Another of Bell’s missed calls is more portentous. Today, we find not an increase in state provision but a downscaled sense of social possibility in which citizens wish to scrap every entitlement but their own. In 1976, Bell noted that one of the puzzles of industrial democracies was that masses of voters don’t use their electoral muscle to command a more equal distribution of wealth. Thanks to the revolution in rising entitlements, Bell promised, such an effort would soon be made. Instead, a scant four years later, blue-collar workers didn’t vote themselves a raise; they voted themselves Ronald Reagan.
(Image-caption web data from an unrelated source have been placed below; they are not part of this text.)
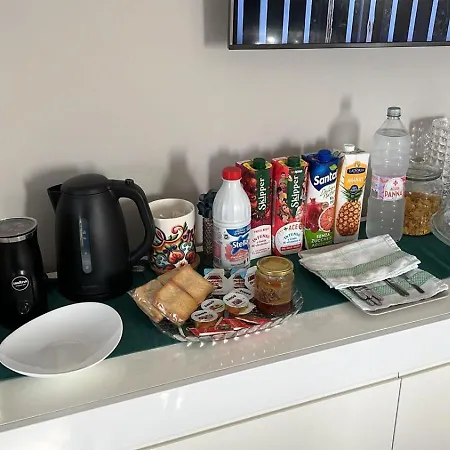 Kola فندق مبيت وإفطار أغريجنتو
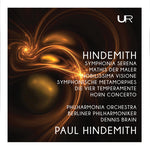 Hindemith Conducts Hindemith (CD)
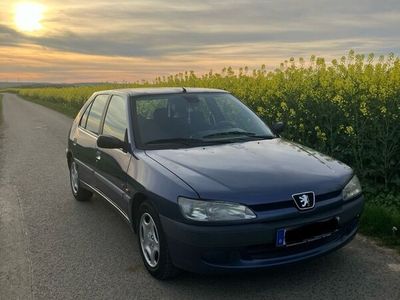 gebraucht Peugeot 306 XR Automatik 1.8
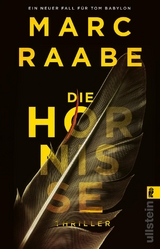 Die Hornisse (Tom-Babylon-Serie 3) - Marc Raabe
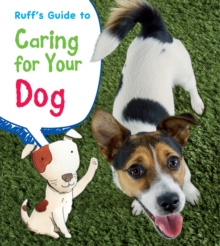 Ruff's Guide to Caring for Your Dog, Paperback Book Ruff's Guide to Caring for Your Dog, Paperback Book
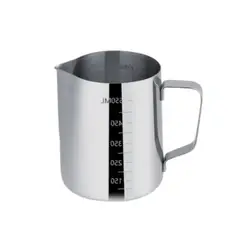 TRIPLE CLEAN - Jarra De Acero Inoxidable Barista 550 Ml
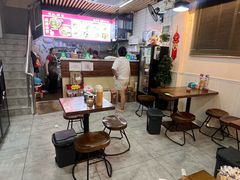 -明叔捞面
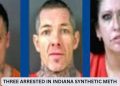 Three Arrested in Indiana Synthetic Meth Bust After Authorities Seize Over 80 Grams of ‘Bath Salts’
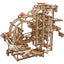 Ugears 3D Wooden Puzzle Marble Run Stepped Hoist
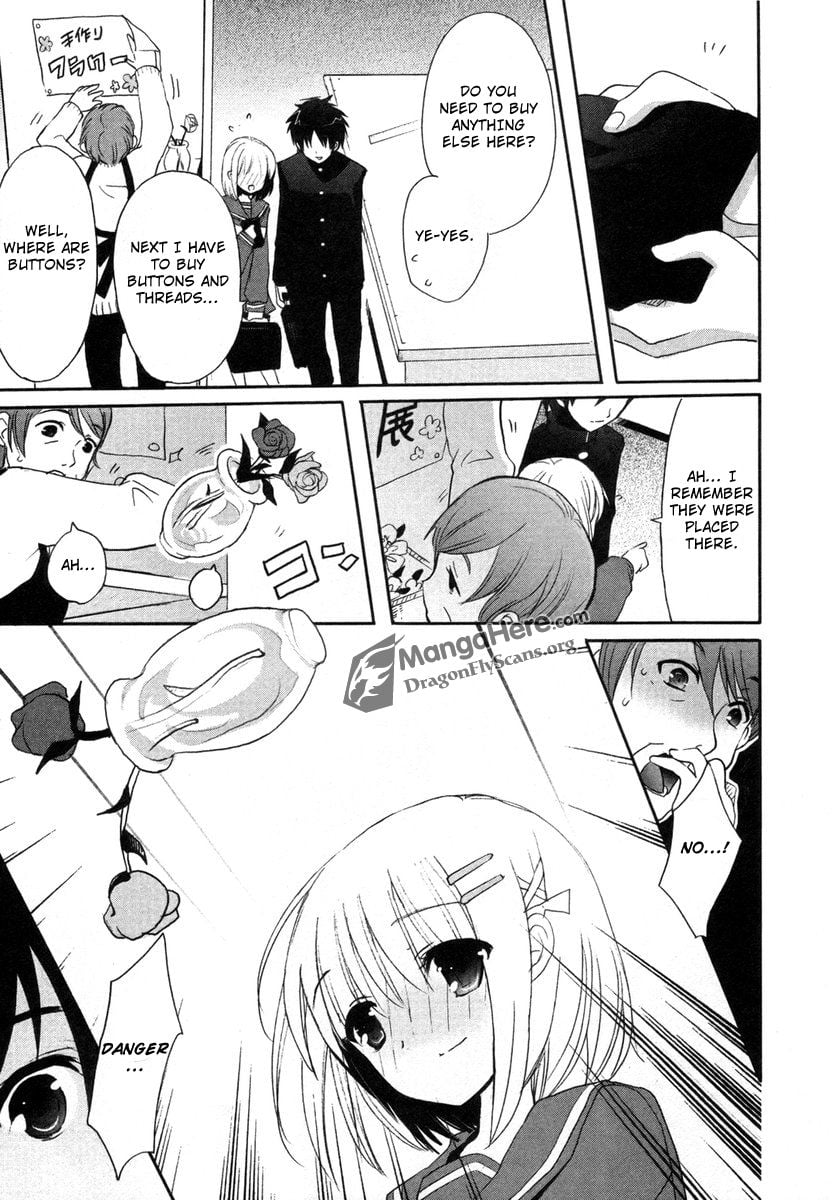Shakugan no Shana Chapter 25 - Page 6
Bell’s manuscript was written in the immediate aftermath of America’s humiliations in Watergate and Vietnam, amid something new in the history of capitalism: the simultaneous existence, thought impossible by conventional wisdom, of inflation and stagnation. His is a tragedian’s tale of how these twin calamities were brought on by hubris–our overweening faith in ourselves and our ability to pursue social goals and self-fulfillment at the same time. And yet this vision of economic equality, along with the specter of permanent inflation, was handily dispatched by the Federal Reserve’s discovery that if you stopped pursuing full employment, curbing inflation wasn’t so hard after all.
Today we have not a tragedy of inflated expectations but the prosaic fallout from diminished ones, not an expansion of the public’s will but the privatization of society, not capitalists torn between hedonism and industry but the integration of hedonism with industry. What would Daniel Bell say? Our cultural contradictions await their Jeremiah.